Well…here we go again.
I shared with friends and family on Facebook last week that we had finally found a home. Well, after much thought, an inspection, and looking the house over a couple more times it just didn’t feel like our “home“. We decided it wasn’t for us and backed out of the offer. When we sold our house last May in two days I think we thought it would be a piece of cake to jump into another house.
Easier said than done. The DFW housing market is a legit war zone right now. You have to fight for what you want, then make a crazy offer, then once it’s accepted take the steps that most buyers would take BEFORE putting in an offer. To say we’ve felt pressured or a little on edge would be an understatement. As much as I truly want a house I don’t want to settle….and that is exactly what I feel like we have to were doing.
I know we are looking in a specific area. One where homes start at $500K and go into the millions. Our budget is a fraction of that. It sucks that you have to be a millionaire to get into a good school district. The whole purpose of our move was to have more family time together and cut Terence’s hour commute in half. We have our reasons for sticking to our area and our gut. We’ve built a life here and Connor has made friends…we’d like to stay more than anything.

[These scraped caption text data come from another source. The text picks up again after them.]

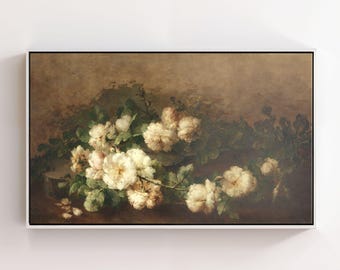 Vintage Floral Frame TV artArt, Moody Roses, Dark Academia Wall Decor (Digital Download)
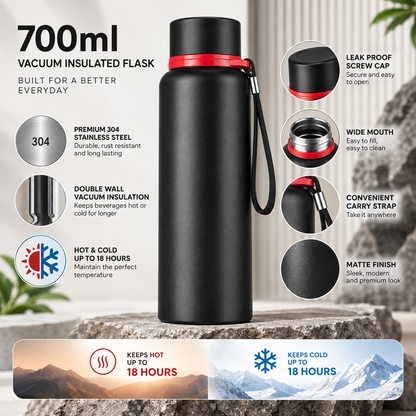 customizable Insulated Stainless Steel Flask with Carry Strap 700ml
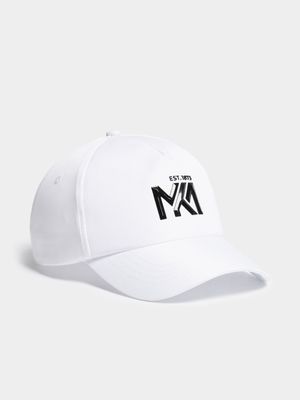 Men's Markham High Shine Silicone Peak White Cap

How many families are that wealthy to afford neighborhoods full of million dollar homes? I often find myself wondering that? Did they inherit money, did they win Powerball, do they have a magic genie I don’t know about? I mean we make a good living by anyone’s standards. Are we looking in the wrong area? Are we being too picky? I know not everyone lives in this area…but it wasn’t always like this. Should we move to the sticks and commute for hours and just suffer through it for a cheaper home….maybe? When a home comes up in our budget it’s gone the same day or a few days after…piranhas.

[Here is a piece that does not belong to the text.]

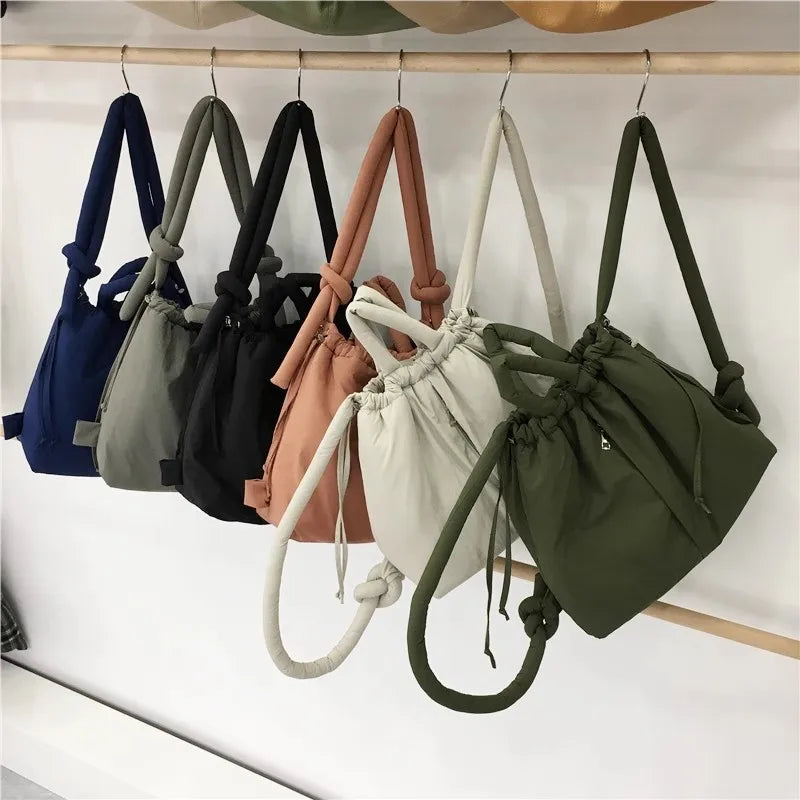 Casual nylon padded tote bag designer soft puffer women shoulder crossbody bags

Also, homes we’ve been bidding on appraised for thousands if not a hundred thousand LESS two or three years ago!!! How is the market that cray cray right now??? When did the housing bubble blow up this big? Will it pop again and we’ll be screwed? Is it just in DFW?
UGH.
Our real estate agent has been a Godsend really and shown us so many properties. We are incredibly grateful that she is sticking with us through this crazy time. My ultimate goal is to have a home by Christmas. Everyone that knows me knows how much I love Christmas and to decorate and all that jazz.
I don’t want to seem ungrateful or sound like I’m not thankful for what we have…because I am in so grateful. I know not everyone owns a home. We are all happy and healthy and have a roof over our heads. There is absolutely nothing to be sad about. I guess I’m just frustrated and writing is my way to vent. I am by no means a good writer or even a great writer…but it feels good to get it out.
Anyone else experiencing this crazy market and navigating through the rough waters right now? If so what are your thoughts?
Home is where the HEART is. That I do know.
God has a reason for everything and a plan…that I know too.